Maybe it is difficult to match the second and third constraint. But we have an alternative which is partition switch. We can partition the destination table. Load the data from source into an empty table with same schema except the index objects (usually I keep the clustered index). After load, we can do a partition switch.

Here is two sample queries:

INSERT INTO dbo.FactDevicePerformance_History
([TimeKey], [DeviceKey], [reads per sec], [read hits per sec],
[seq reads per sec], [seq read hits per sec], [writes per sec],
[write hits per sec], [Kbytes read per sec], [Kbytes written per sec])
SELECT h.* FROM AIR.dbo.FactDevicePerformance_History h
INNER JOIN AIR.dbo.DimTime t ON h.TimeKey = t.TimeKey
WHERE t.[Date] BETWEEN ‘2011-11-1’ AND ‘2011-11-30’

INSERT INTO dbo.FactDevicePerformance_History WITH (TABLOCK)
([TimeKey], [DeviceKey], [reads per sec], [read hits per sec],
[seq reads per sec], [seq read hits per sec], [writes per sec],
[write hits per sec], [Kbytes read per sec], [Kbytes written per sec])
SELECT h.* FROM AIR.dbo.FactDevicePerformance_History h
INNER JOIN AIR.dbo.DimTime t ON h.TimeKey = t.TimeKey
WHERE t.[Date] BETWEEN ‘2011-1-1’ AND ‘2011-1-31’

You can find the only difference is query hint “TABLOCK”. But first query runs 21 seconds, the second one runs only 8 seconds.

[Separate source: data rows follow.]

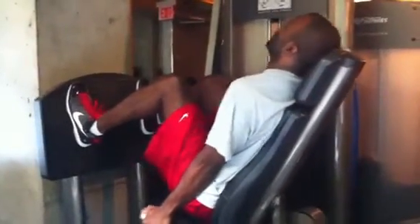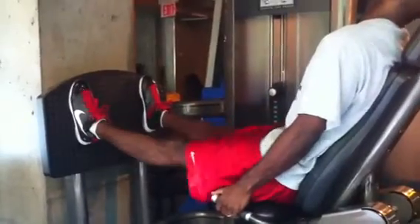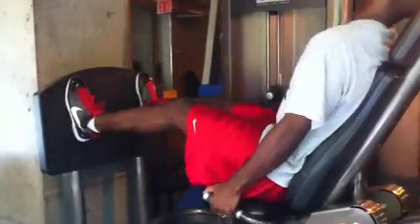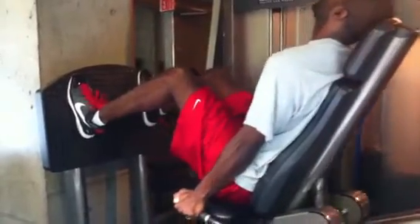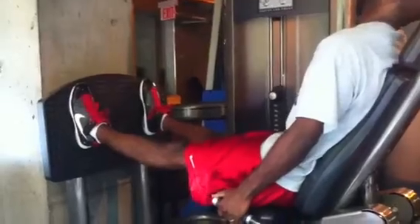Control, don't burst — work through, work through. That was a better rep, that's ten. Come on buddy, let's go — control, control, control. Keep your feet flat — that's 11, come on, empty the tank! Don't burst, don't burst — work through. Come on!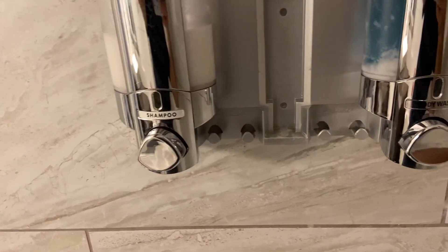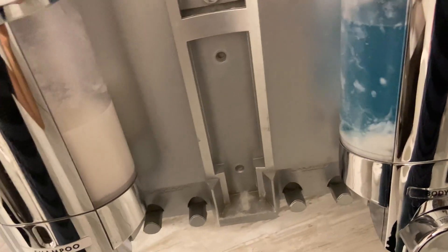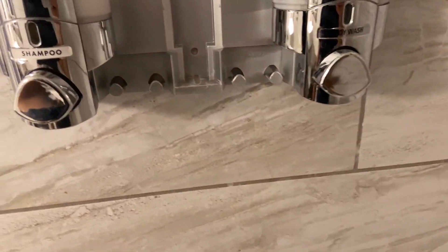They have easy access for filling, easy to dispense — so much better than spilling your shampoo and conditioner all over, knocking it on the ground or whatever. You just push the button and it dispenses.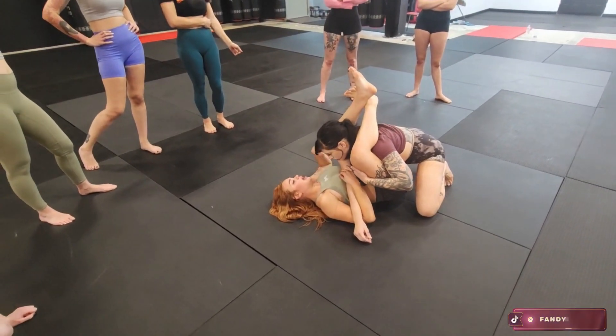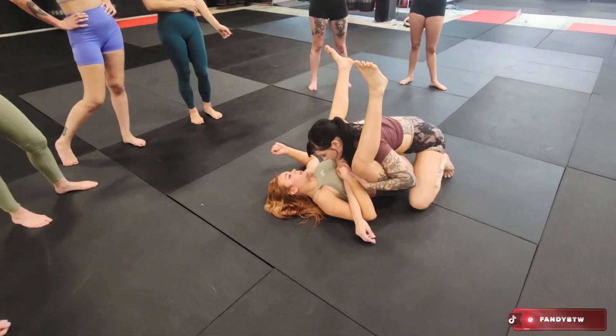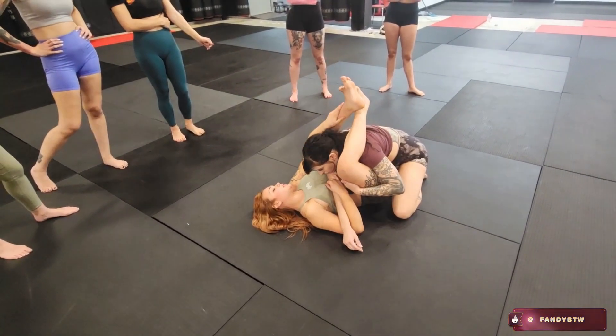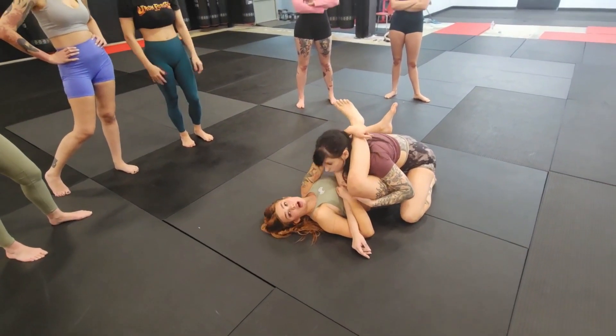I can even lock a figure 4 like this, so I'm going to open my legs. If I just open them, Julie's going to stand up and I lose my triangle. So when I open my legs, I replace this foot with my hand. That way she can't just stand up — I still have it locked.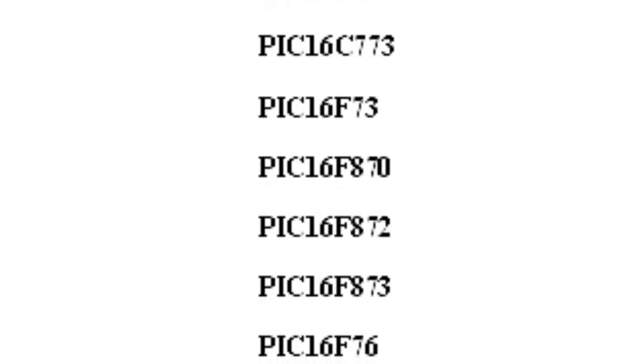Supported devices include PIC 16C62, PIC 16C63, PIC 16C72, PIC 16C73, PIC 16C773, PIC 16F73, PIC 16F870, PIC 16F872, PIC 16F873, PIC 16F76, and PIC 16F876.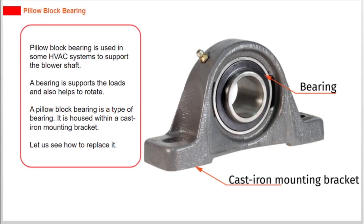A pillow block bearing is used in some HVAC systems to support the blower shaft. A bearing supports loads and also helps to rotate. A pillow block bearing is a type of bearing housed within a cast iron mounting bracket. Let us see how to replace it.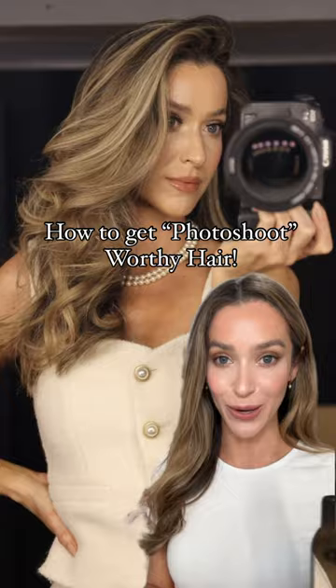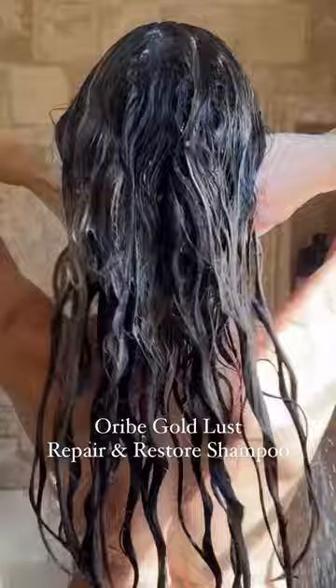First, I started with the Oribe Gold Lust Repair and Restore Shampoo. It's amazing for dry, damaged, and color-treated hair, filled with so many reparative ingredients.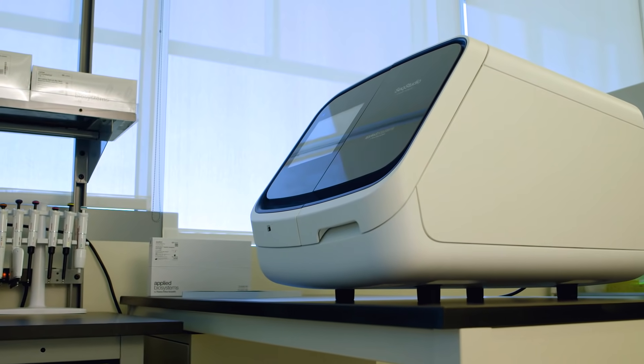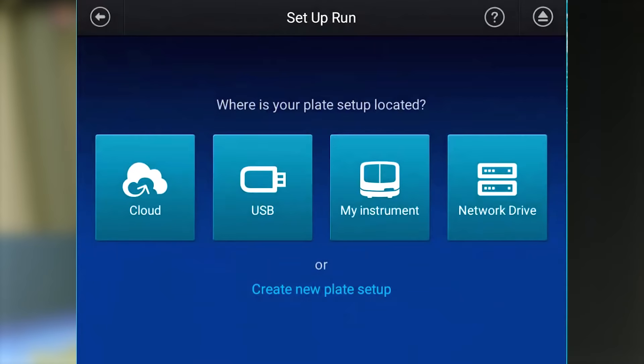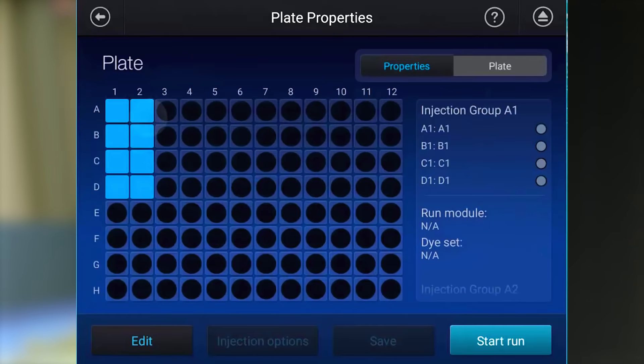You can set up your run remotely or right on the instrument. You can run both Sanger sequencing and fragment analysis samples on the same plate at the same time.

First query increase the log file from 0.5MB to 672MB. The second one increase the log file from 0.5MB to 3.37MB. There are 2.3 million records moved in the query.

This is what called minimal logging since SQL Server 2005. Anyway you still need to compare these two approaches before you implement. Because with minimal logging SQL Server will force data pages to be flushed to disk before the transaction commits. So if the IO system for data file is not very fast, or the data pages affected by the operation are not sequentially arranged, you might see worse performance with minimal logging.

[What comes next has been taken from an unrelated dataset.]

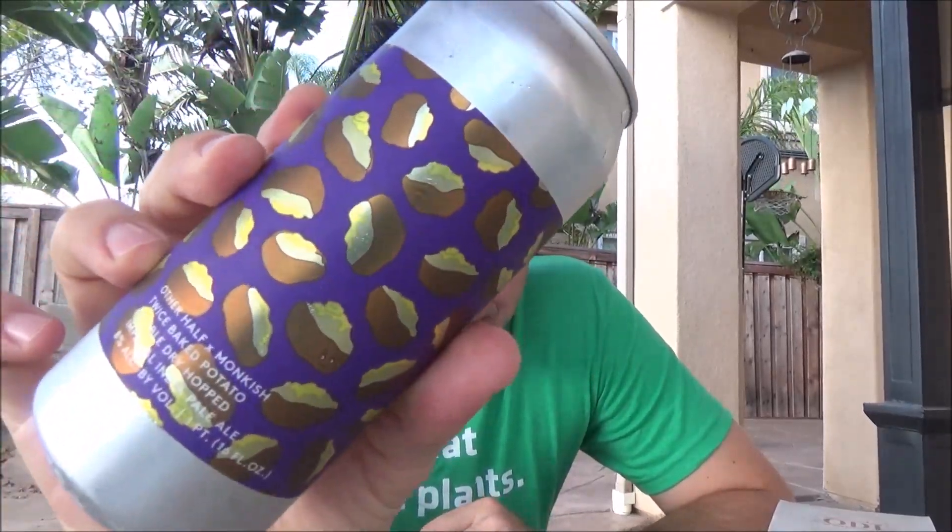Welcome back to another beer review. Today, from Other Half and Monkish, this is Twice Baked Potato — a very appropriate beer review because I've been eating mainly potatoes for the last almost 20 days, doing a 30-day potato cleanse. Everyone was telling me that Other Half and Monkish are collaborating on potato-named beers, so I needed to try them. Thankfully I got two cans through beer trades — David and Joshua, thank you guys so much.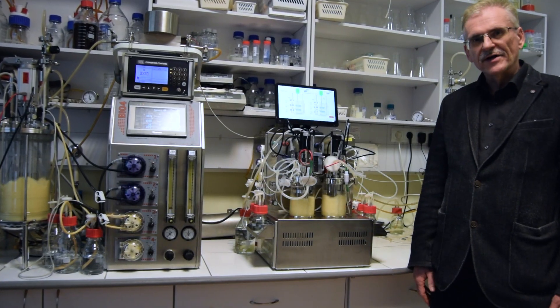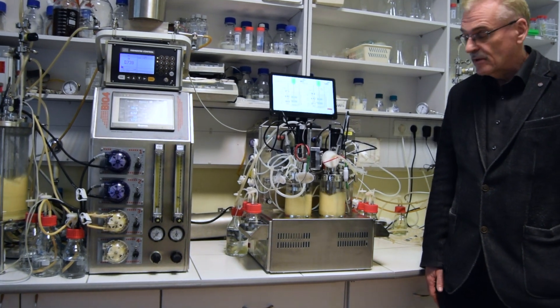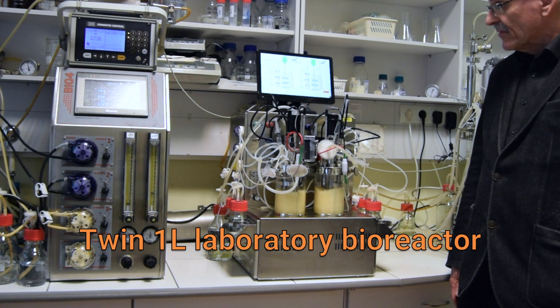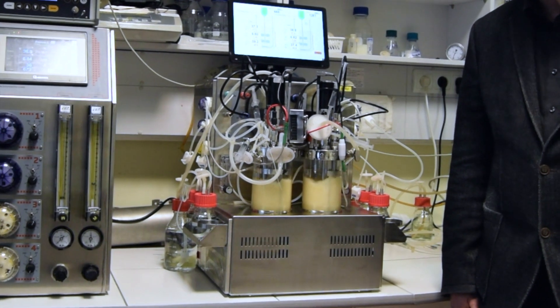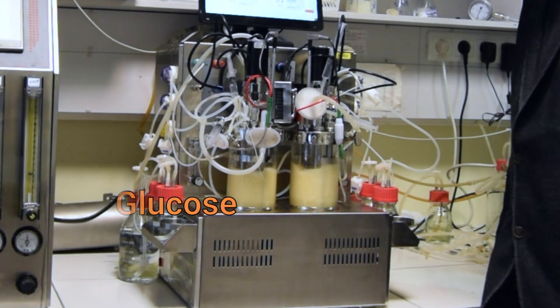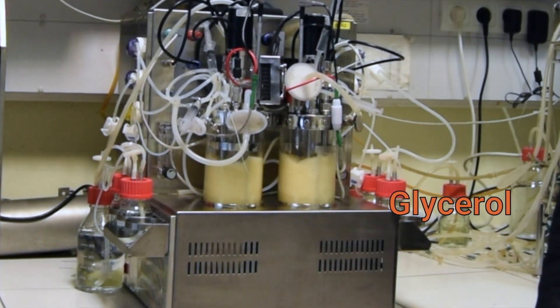Here under testing is a recently developed one liter bioreactor. It is running E. coli parallel fed-batch fermentations. In the left vessel feeding is with glucose, but in the right vessel with glycerol.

Maybe the query optimize is not so smart as you imagine

I had a database which stores huge amount of performance counter values. The table with counter values has a clustered index with column timekey in the first sequence. And there is time dimension table with column timekey as its clustered index.

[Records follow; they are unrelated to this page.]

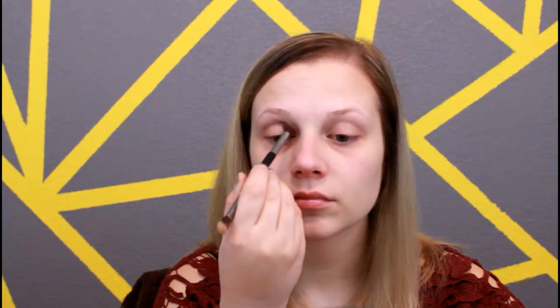Then I'm going in with Coastal Scents Kokomo Cafe and I'm going to be applying this in my crease area with an It Cosmetics crease brush, just doing windshield wiper motions to apply this. All of the shades I'm using today are pretty close — the only different one is going to be the last shade, which is more of a reddish-brown. I'm going to be using them all in my crease area and making sure I'm blending them really well together.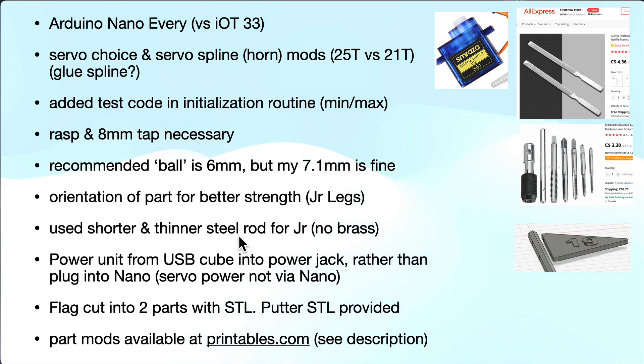I used a slightly different rod. The original design used a 1.5mm brass rod, but I found that when I tried to make small kinks it actually broke. I used about a 1mm thinner steel rod that I got at the dollar store from an old steel whisk — that seemed to work better. My rod was also about 5–6mm shorter, and I'll show the actual dimensions I used in the future videos.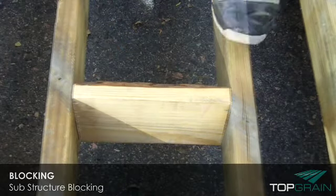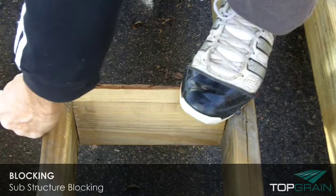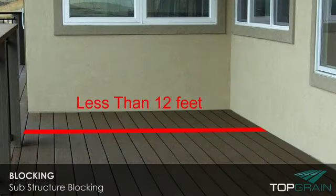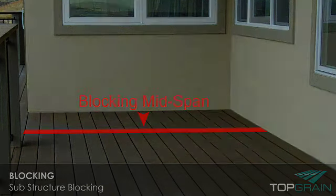To prevent the joist from twisting and bowing, it is important that blocking is installed every 6 feet along the length of the joist. If the deck is less than 12 feet, then the blocking should be installed at mid-span.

One day I issued a query to find out the earliest date in the table, which looks like:
SELECT MAX(Date) FROM dbo.FactPerformance_History p
INNER JOIN dbo.DimTime t on p.TimeKey = t.TimeKey

I found the result was not returned immediately. So I checked the execution plan. I was quite surprised the execution plan showed two big tables FactPerformance_History and the DimTime were joined first then be aggregated for the max value.

It looks like query optimizer didn’t notice two tables were joined with two physical sorted columns. It decided to start the aggregation after the entire merge join was finished. Actually the query only needs the first match record with the two tables merged reversely.

Anyway, the query optimizer didn’t do it. So I can only rewrote the query:
SELECT Date FROM (SELECT MAX(TimeKey) AS TimeKey FROM Array.[FactDevicePerformance_History]) AS p
INNER JOIN ETL.DimTime t on p.TimeKey = t.TimeKey

Two execution plans here:

First query

query 1

Second query

It took 12 seconds to return with the result the first query, but only 6ms the new one.

OK. I agree semantics of the two queries are not exact the same. But if query optimizer can make the merge and stream aggregate run in asynchronously, then I believe the execution time of two plan above will be same.